Porém há um denominador comum nestas e nas outras numerosas explicações oferecidas pelos comentaristas: a implicação de que, seja qual for o problema, esse não era realmente o problema. Basicamente, D'us está acusando Moshê de uma falha técnica. Em seus argumentos com D'us, Moshê sente isso, na verdade dizendo a D'us: "Tu me colocaste numa situação sem saída!"

O texto apóia sua reclamação. Quarenta anos antes, ocorrera o incidente dos "espiões", no qual a geração que saiu do Egito e recebeu a Torá no Sinai revelou-se como não estando disposta e incapaz de progredir até o próximo estágio do plano de D'us - entrar e tomar posse da Terra Santa. Naquele tempo, relata a Torá, D'us decretou que toda a geração (todos os homens acima de 20 anos) morreriam no deserto. Com a única exceção de dois homens. "Exceto Calêv, o filho de Yefune e Yehoshua, o filho de Nun" (os dois espiões que resistiram à trama de seus dez colegas - Bamidbar 14:30).

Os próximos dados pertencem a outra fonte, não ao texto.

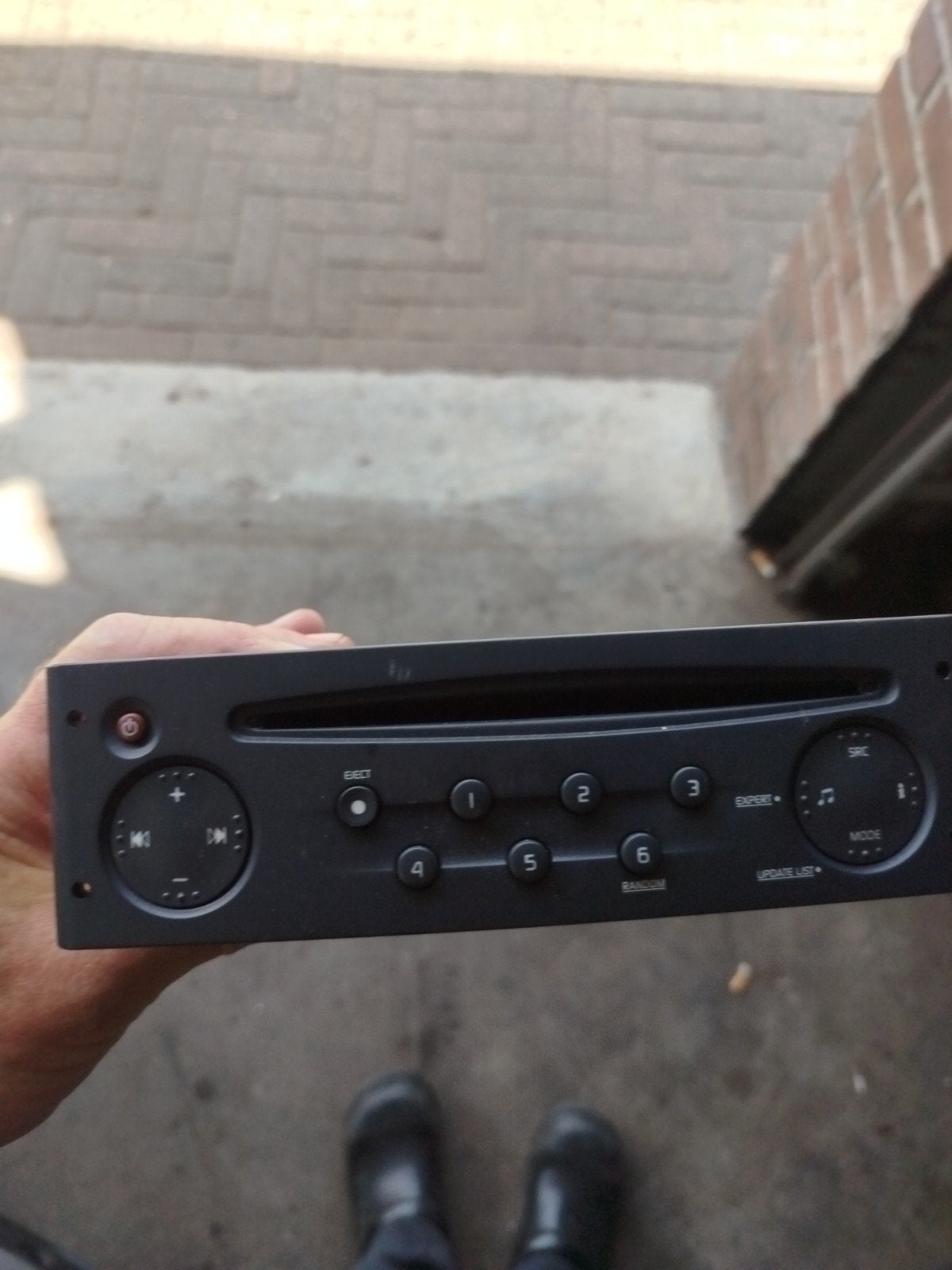 Radio renault met cd, Ophalen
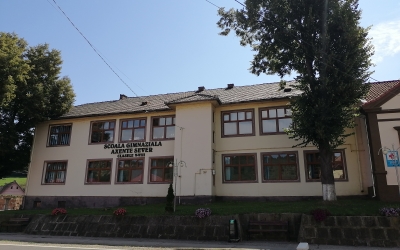 Se renovează un corp al Școlii Gimnaziale din localitatea Axente Sever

Moshê, que ansiava entrar na Terra Santa com cada fibra de seu ser, não foi culpado do pecado dos espiões, portanto algum outro pretexto precisava ser encontrado. Como "com os justos, D'us é meticuloso até um fio de cabelo," não era impossível achar um pretexto. Porém D'us já determinara quarenta anos antes que toda a geração - Moshê e Aharon incluídos - não entrariam na terra. "Esta é uma trama que planejaste contra mim," o Midrash cita Moshê dizendo ao Todo Poderoso.

De fato, por quê? Se Moshê era inocente do pecado de sua geração, por que foi decretado que deveria partilhar de seu destino? Há um pungente Midrash que oferece a seguinte parábola:

Um pastor recebeu o rebanho do rei para alimentar e cuidar, e o rebanho se perdeu. Quando o pastor procurou entrar no palácio real, o rei não permitiu. "Quando o rebanho que lhe foi confiado for recuperado, você será admitido."

O plano original era que os 600.000 que Moshê tirou do Egito entrassem na terra. Mas aquela geração permaneceu no deserto. És o líder, disse D'us a Moshê. O destino deles é teu destino.

Esta mensagem está implícita nas palavras de D'us a Moshê logo após este golpear a pedra: "... portanto, não levarás esta congregação até a terra que Eu dei a eles." Disso o Midrash deriva: "esta congregação" não levarás; aquela congregação levarás. "Esta congregação" - a geração que Moshê enfrentou perante a rocha - não era a geração de Moshê. Sua geração fora sepultada no deserto.

Quando eles entrarem na Terra, D'us está dizendo a Moshê - e eles entrarão, quando a Redenção Final redimir todas as gerações da história - tu os levará até lá.